Total work: ≤ |S_1| · (k - 1) + |S_1| (initial scan). Since |S_1| ≤ N / k, total work is ≤ N. Amortized O(N). ∎

This argument explains why sort-by-size is the standard preprocessing step for multi-set intersection in databases and search engines (TF-IDF posting list intersections).


Probabilistic Analysis of Bloom Filter False Positive Rate

A Bloom filter with m bits, k hash functions, and n inserted elements has false positive probability:

Pr[fp] = (1 - (1 - 1/m)^(kn))^k  ≈  (1 - e^(-kn/m))^k

Optimal k: Minimize Pr[fp] over k for fixed m, n. Take log of the right side and differentiate:

d/dk [ k · ln(1 - e^(-kn/m)) ] = 0
Solution: k* = (m/n) · ln 2

At this k*:

Pr[fp] = (1/2)^k* = (1/2)^((m/n) ln 2)
m/n required for fp rate p: m/n = -log₂(p) / ln 2 ≈ 1.44 · log₂(1/p)
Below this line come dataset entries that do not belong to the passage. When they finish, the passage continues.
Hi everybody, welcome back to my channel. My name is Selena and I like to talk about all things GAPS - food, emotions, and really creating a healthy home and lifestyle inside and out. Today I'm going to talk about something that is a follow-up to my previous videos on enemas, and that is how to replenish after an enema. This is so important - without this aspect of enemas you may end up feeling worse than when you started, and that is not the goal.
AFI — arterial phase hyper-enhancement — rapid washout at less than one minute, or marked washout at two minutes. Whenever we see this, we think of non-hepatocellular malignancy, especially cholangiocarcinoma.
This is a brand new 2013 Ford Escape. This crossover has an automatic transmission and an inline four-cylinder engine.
Example: For p = 0.01 (1% false positive), m/n ≈ 9.6 bits per element, k* ≈ 6.6 (use 7 hashes). For p = 10^-9, m/n ≈ 43 bits per element.
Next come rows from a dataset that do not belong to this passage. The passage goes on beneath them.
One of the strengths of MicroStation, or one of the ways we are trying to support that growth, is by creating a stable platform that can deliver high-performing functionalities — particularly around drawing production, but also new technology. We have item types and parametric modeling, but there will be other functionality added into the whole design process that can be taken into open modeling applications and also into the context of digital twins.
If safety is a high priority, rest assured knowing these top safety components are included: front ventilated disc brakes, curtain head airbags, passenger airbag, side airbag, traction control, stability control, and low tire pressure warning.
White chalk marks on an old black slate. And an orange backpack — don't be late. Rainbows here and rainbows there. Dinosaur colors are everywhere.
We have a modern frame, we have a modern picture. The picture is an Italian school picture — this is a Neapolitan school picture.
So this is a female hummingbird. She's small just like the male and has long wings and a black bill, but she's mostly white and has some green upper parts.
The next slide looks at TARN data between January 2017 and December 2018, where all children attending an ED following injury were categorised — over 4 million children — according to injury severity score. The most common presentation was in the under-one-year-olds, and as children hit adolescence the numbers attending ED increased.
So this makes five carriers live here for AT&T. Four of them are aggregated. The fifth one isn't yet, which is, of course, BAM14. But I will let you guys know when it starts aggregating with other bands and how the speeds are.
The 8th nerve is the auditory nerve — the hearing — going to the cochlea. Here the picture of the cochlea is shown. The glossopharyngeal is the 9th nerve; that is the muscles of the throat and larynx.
This is the formula every Bloom filter implementation cites. It is also why Bloom filters dominate naïve "store a HashSet" when memory is tight — 1.44·log₂(1/p) bits per element is asymptotically the best any probabilistic membership structure can do (proved by Carter, Floyd, Gill, Markowsky, and Wegman, 1978).


Summary

At the professional level, the Set ADT is studied under four lenses:

  1. Amortized analysis justifies HashSet's O(1) add via aggregate and potential methods — a worst-case-per-op bound is impossible without resize, but the average over n operations is constant.
  2. Comparison-model lower bound of Ω(log n) makes TreeSet's contains provably optimal; beating it requires going outside the comparison model (hashing, integer tricks).
  3. Cell-probe lower bounds push the bar even higher: Ω(log log n) per operation for any dynamic dictionary with reasonable space, which HashSet matches in expectation but not in worst case.
  4. External-memory and cache-oblivious models explain why B-trees dominate on-disk indexes despite RAM's love affair with hash tables — the unit of memory access there is the block, not the element.

The Set is a deceptively simple ADT with surprisingly deep theory. The lower bounds are tight, the implementations are creative, and the right choice depends entirely on which model best matches your hardware and your access pattern.